Les commentaires commençant par # sont possibles dans un Makefile, mais pas à l'intérieur d'une variable multilignes ou d'une commande passée au shell, sauf évidemment en toute fin.
Pour éviter les problèmes d'interpolation avec gmake et le shell, il faut utiliser :
- q{} pour les chaînes littérales sans interpolation entre simples quotes '
- qq{} pour les chaînes littérales avec interpolation entre doubles quotes "
- qx{} pour les commandes entre `
- m{regex} au lieu de /regex/
C'est un exercice intéressant que d'écrire du code Perl sans les caractères ', ", `, / et #.
De plus, gmake nous oblige à doubler les $.
Exemple 2 : pkginfo
Mon deuxième exemple permet de créer un fichier pkginfo à partir d'un modèle pkginfo.in en ajoutant des données dynamiquement. Ces données peuvent provenir de variables du Makefile ou être calculées comme ici le checksum MD5 du fichier tarball.
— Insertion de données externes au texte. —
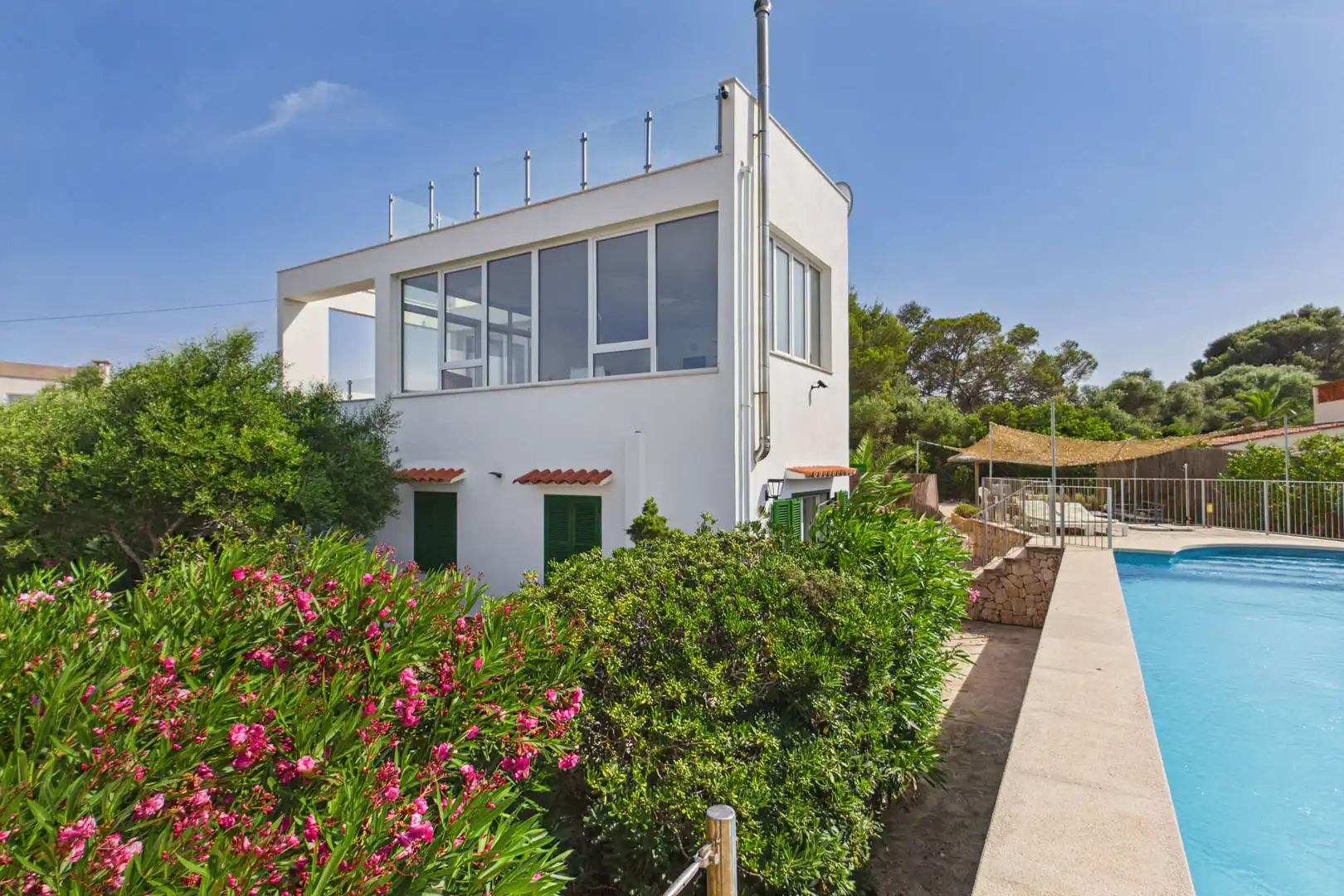 Vista exterior de Casa o xalet en venda en Manacor amb Aire condicionat, Terrassa i Moblat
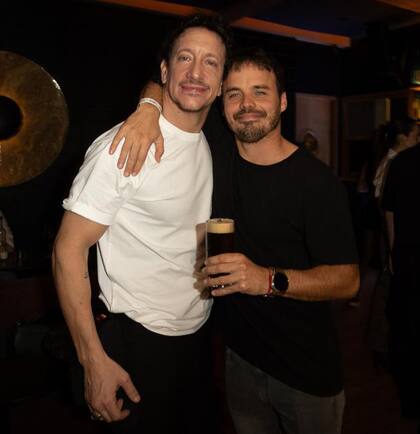 En la misma línea, Benjamín Rojas comentó: "Terminé con distensión de ligamento, como corresponde"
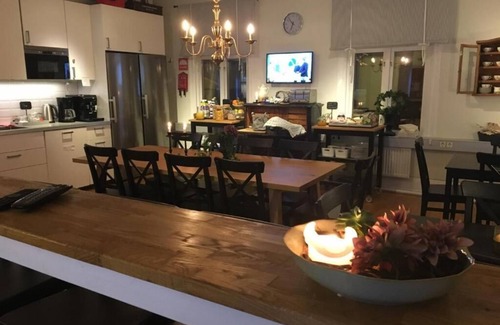Norra Skara Bed & Breakfast | Comfort and Convenience at Järnvägshotellet B & B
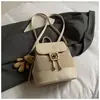 Moda Primaveral 2026 Bolso Sencillo Nuevo Bolso Pequeño de Hombro para Chica con Estilo Mochila Retro Casual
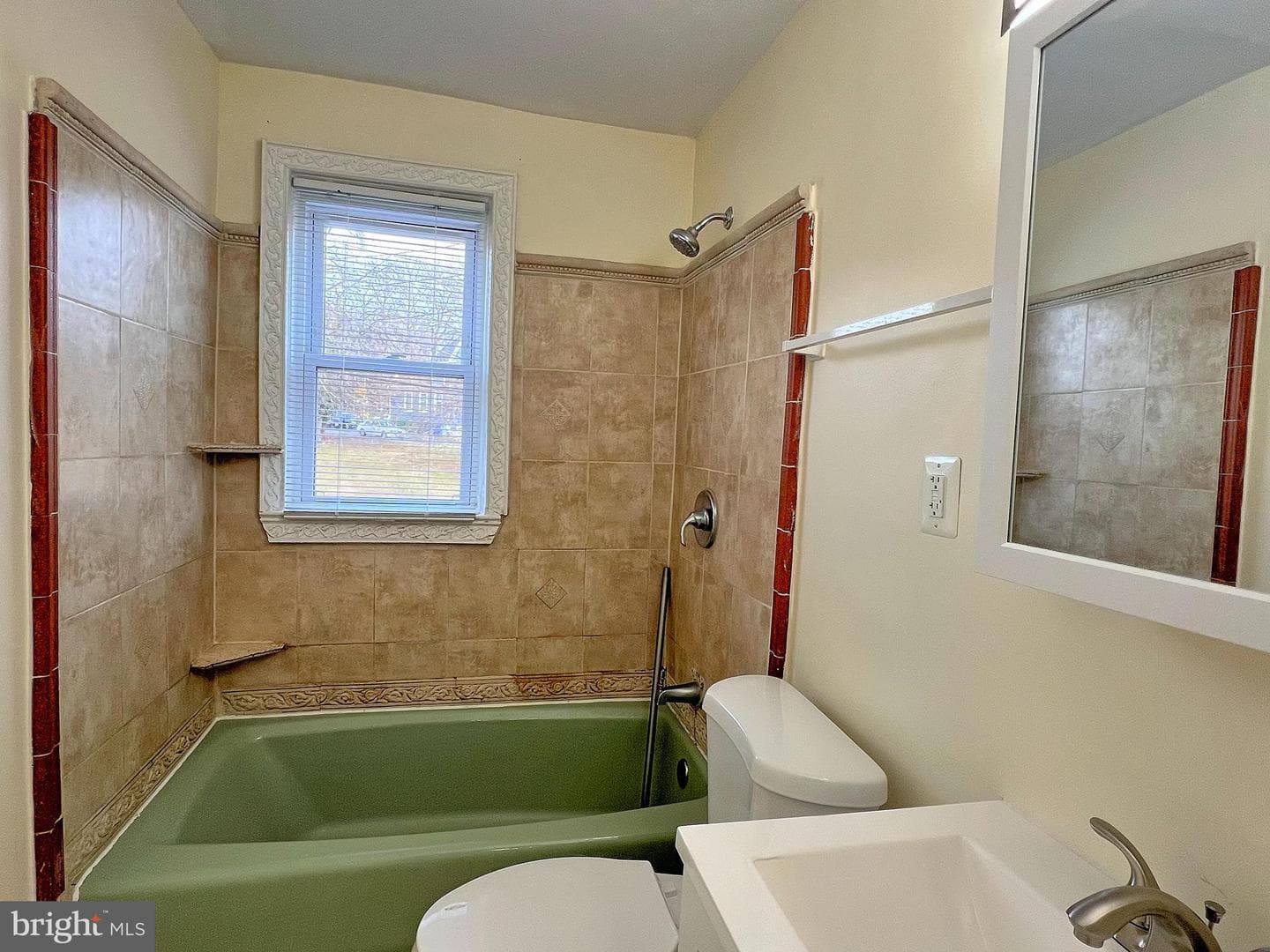 4604 Chatford Avenue photo 8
C'est un exemple de bonne pratique pour l'ouverture d'un fichier :
- la variable du descripteur de fichier est localisée par le my
- le mode d'ouverture est explicité, < pour lecture
- abandon en cas d'erreur, avec un message contenant le nom du fichier et le message provenant du système $!
TARBALL := $(PKG)-$(VERSION).tar.gz
pkginfo_pl := \
use strict; \
use warnings; \
use 5.008; \
use Digest::MD5; \
open my $$FH, q{<}, q{$(TARBALL)} \
or die qq{Cannot open $(TARBALL) ($$!)}; \
binmode $$FH; \
my %config = ( \
version => q{$(VERSION)}, \
rev => q{$(REV)}, \
md5 => Digest::MD5->new->addfile($$FH)->hexdigest(), \
); \
close $$FH; \
while (<>) { \
s{@(\w+)@}{$$config{$$1}}g; \
print; \
}
pkginfo: $(TARBALL)
perl -e '$(pkginfo_pl)' pkginfo.in > pkginfo
Ci-dessous, un fragment du fichier modèle. Les variables à substituer sont encadrées par des @ et les valeurs proviennent du hash config.
$ tail -n 3 pkginfo.in
version = '@version@-@rev@'
source = {
md5 = '@md5@',
Dans ce deuxième exemple, le script Perl contient des variables qui sont substituées par gmake. Si on avait un script externe, il aurait fallu passer par des arguments en ligne de commandes.
Pour ne pas retomber dans des problèmes de dépendance, il faut utiliser des modules core de Perl, comme ici Digest::MD5, core depuis la version 5.7.3. (Rappel : le module Module::CoreList permet de savoir depuis quand un module fait partie du core).
Exemple 3 : CHANGES
Finalement pour les habitués de la rubrique, mon troisième exemple est quand même un uniligne qui met la date courante dans un fichier CHANGES sur la ligne de la version en cours de packaging.
timestamp:
perl -i.bak -pe 's{^$(VERSION).*}{q{$(VERSION) }.localtime()}e' CHANGES
Et pour conclure, on peut utiliser cette technique d'expansion de script dans un Makefile avec d'autres langages, par exemple Ruby. En revanche, c'est impossible pour Python qui est dépendant de l'indentation du source.
Cette technique est aussi utilisable sous Windows, mais les fichiers Makefile ne sont pas portables. En effet, il faut double-quoter les commandes perl -e "$(script_pl)" et doubler les caractères %.